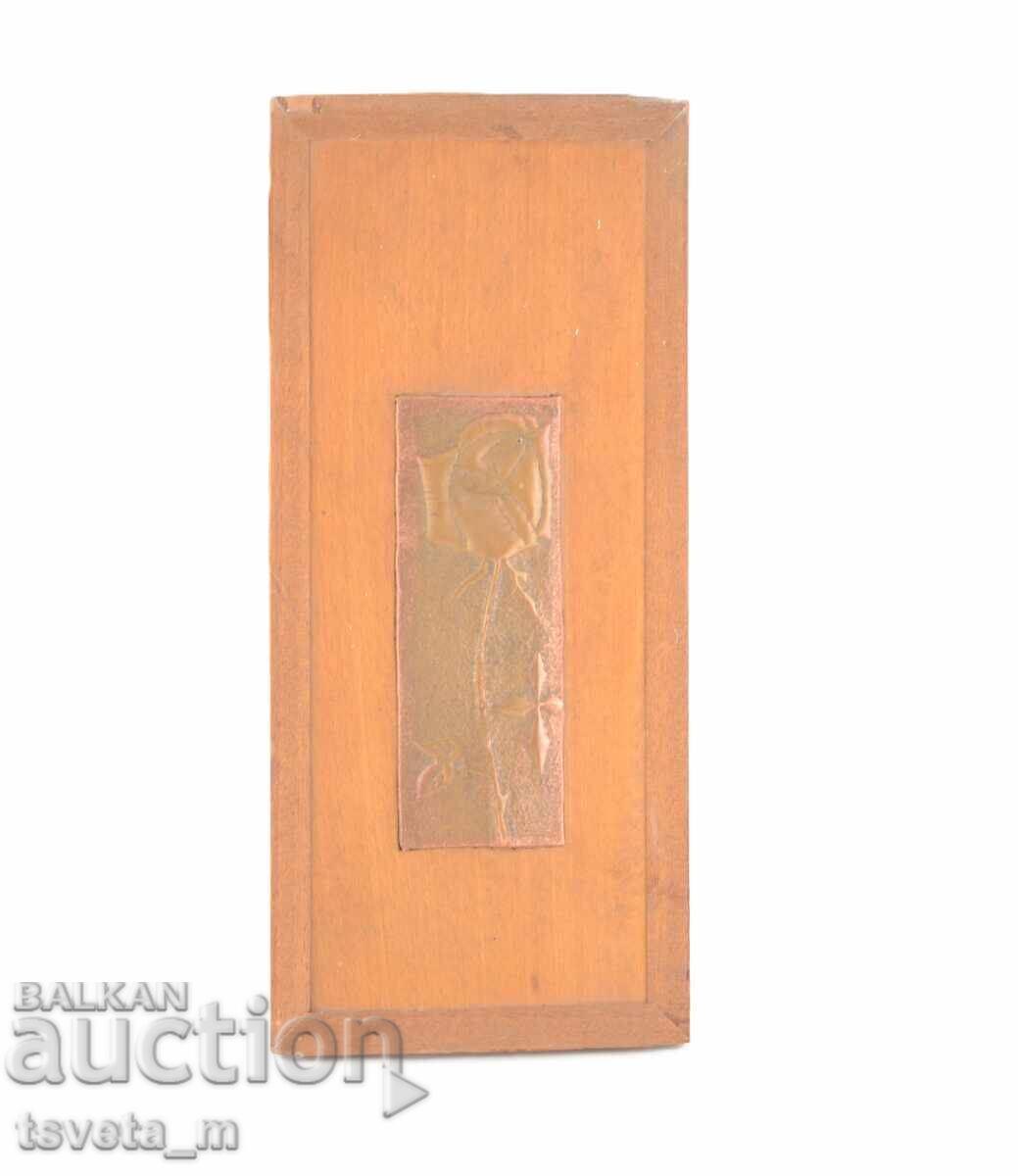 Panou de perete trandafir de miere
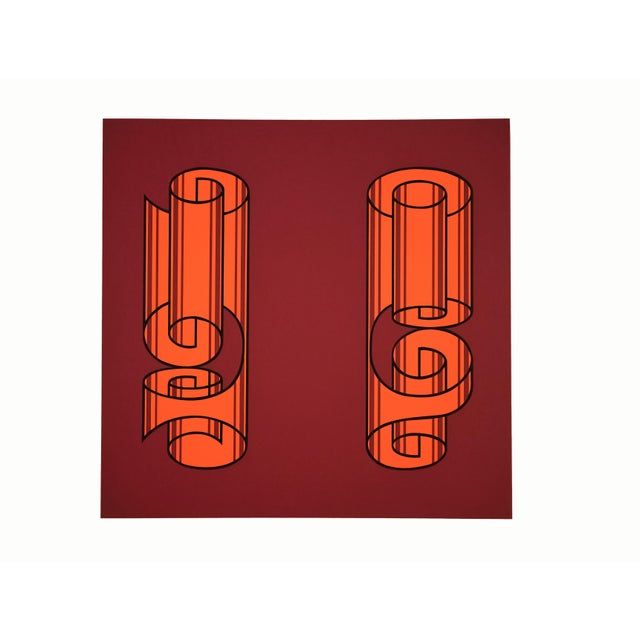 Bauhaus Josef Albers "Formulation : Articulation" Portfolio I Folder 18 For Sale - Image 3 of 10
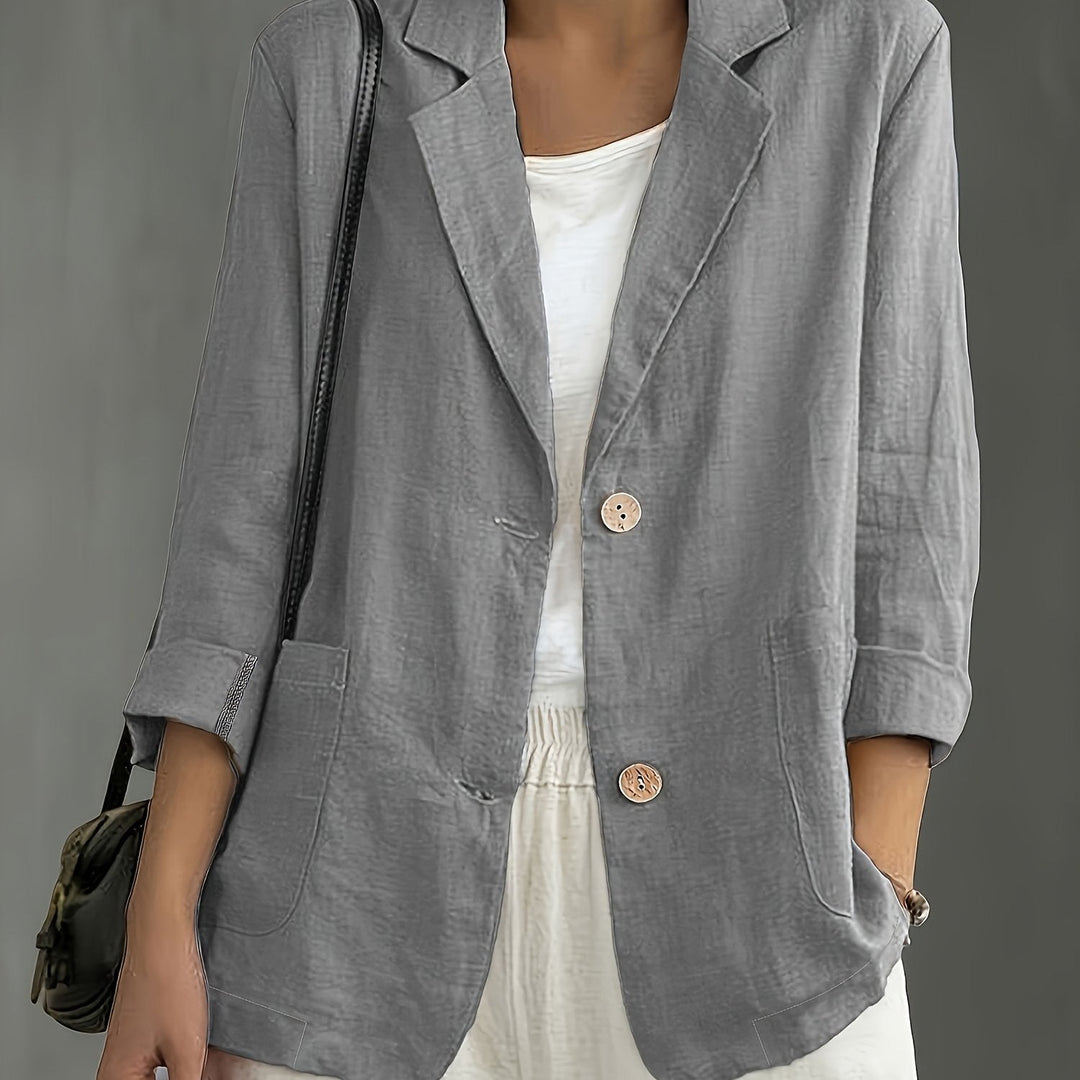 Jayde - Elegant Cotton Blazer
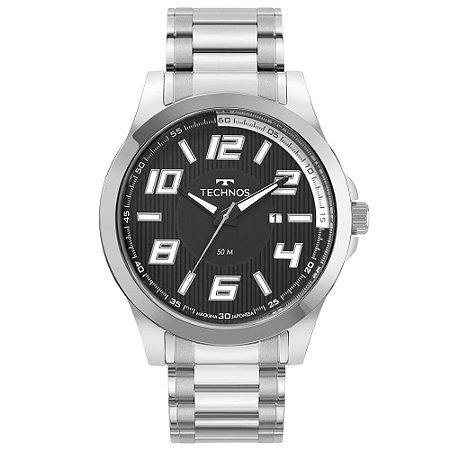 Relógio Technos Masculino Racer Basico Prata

==

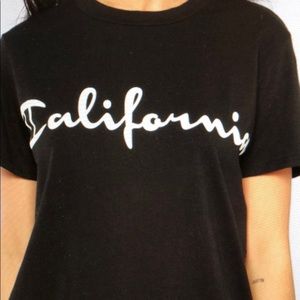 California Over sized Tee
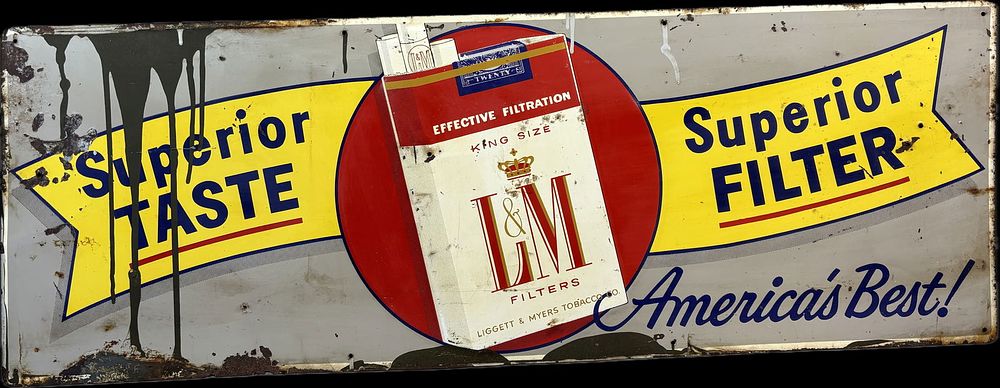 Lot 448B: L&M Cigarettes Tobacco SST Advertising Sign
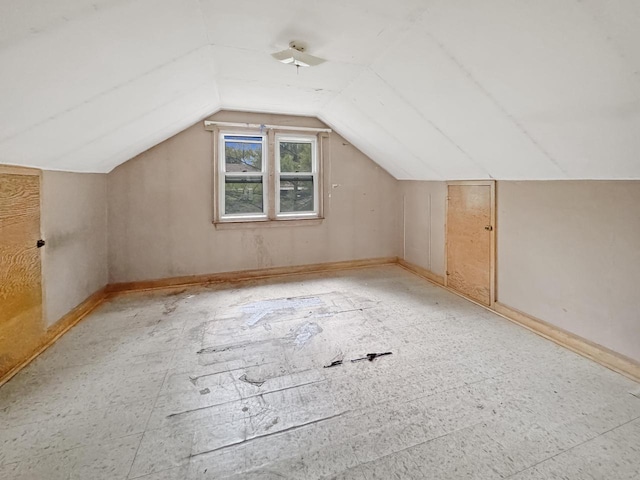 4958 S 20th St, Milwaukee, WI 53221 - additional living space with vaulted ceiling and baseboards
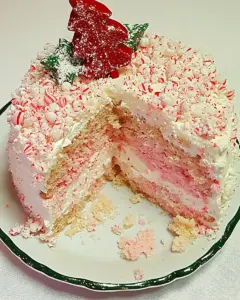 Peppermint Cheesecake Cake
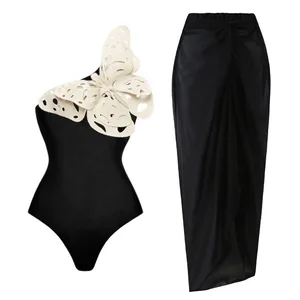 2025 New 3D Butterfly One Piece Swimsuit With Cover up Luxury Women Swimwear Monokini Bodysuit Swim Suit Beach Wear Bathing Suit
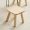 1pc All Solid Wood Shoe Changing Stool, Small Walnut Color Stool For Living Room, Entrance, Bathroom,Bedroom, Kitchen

What you have to do: Nothing except the lines from the one containing "Panou de perete trandafir de miere" through the one containing "Relógio Technos Masculino Racer Basico Prata" should appear in the answer, exactly as above and without pictures.

Answer space:
 Panou de perete trandafir de miere
 Bauhaus Josef Albers "Formulation : Articulation" Portfolio I Folder 18 For Sale - Image 3 of 10
 Jayde - Elegant Cotton Blazer
 Relógio Technos Masculino Racer Basico Prata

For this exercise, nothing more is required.